━━━ The data

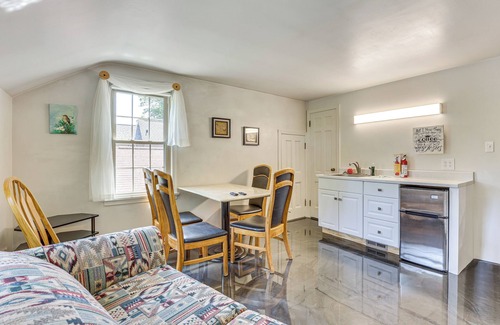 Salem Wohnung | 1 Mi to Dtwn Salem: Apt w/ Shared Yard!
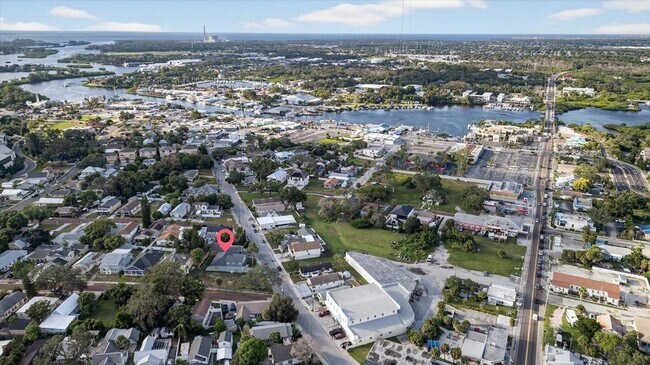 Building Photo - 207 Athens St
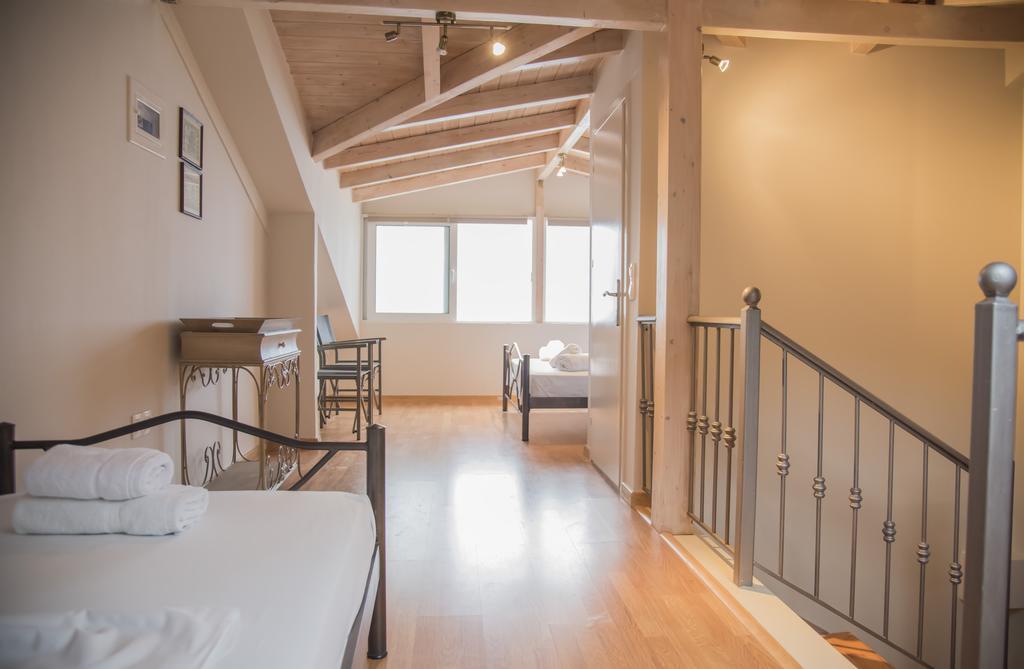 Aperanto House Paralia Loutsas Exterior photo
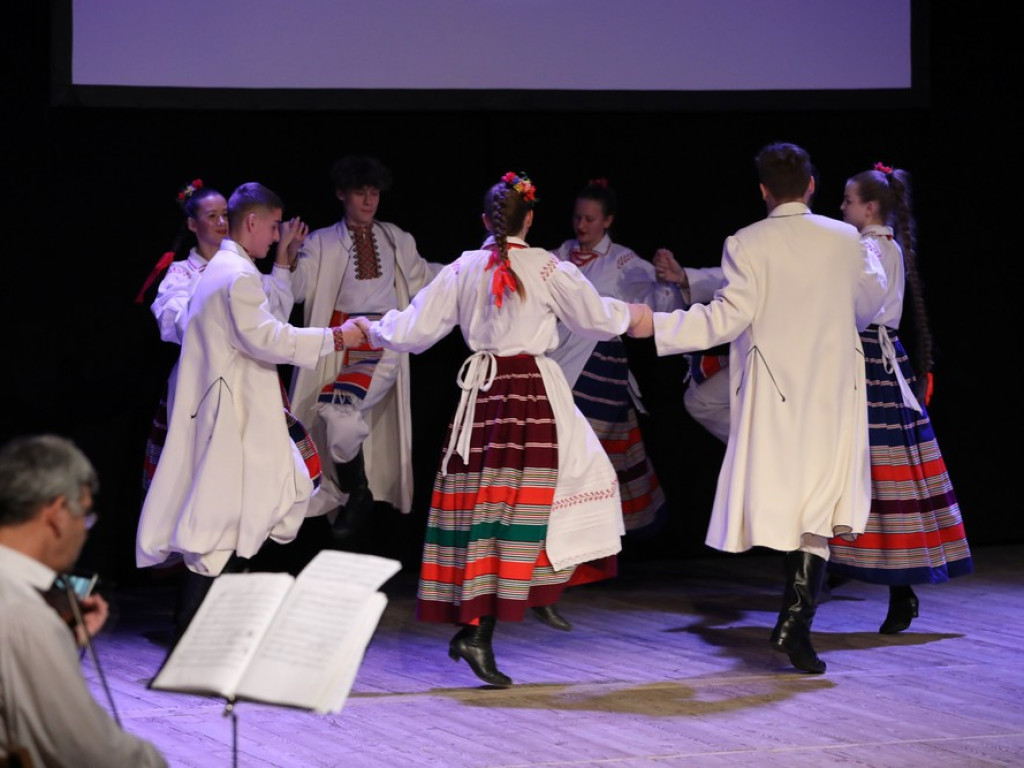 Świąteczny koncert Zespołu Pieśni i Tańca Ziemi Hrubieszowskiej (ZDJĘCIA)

━━━━━━

The task requires restating verbatim the lines from the one that holds "Building Photo - 207 Athens St" through the end of the listing, both ends counted, and no pictures.

> **Output for this exercise**:
 Building Photo - 207 Athens St
 Aperanto House Paralia Loutsas Exterior photo
 Świąteczny koncert Zespołu Pieśni i Tańca Ziemi Hrubieszowskiej (ZDJĘCIA)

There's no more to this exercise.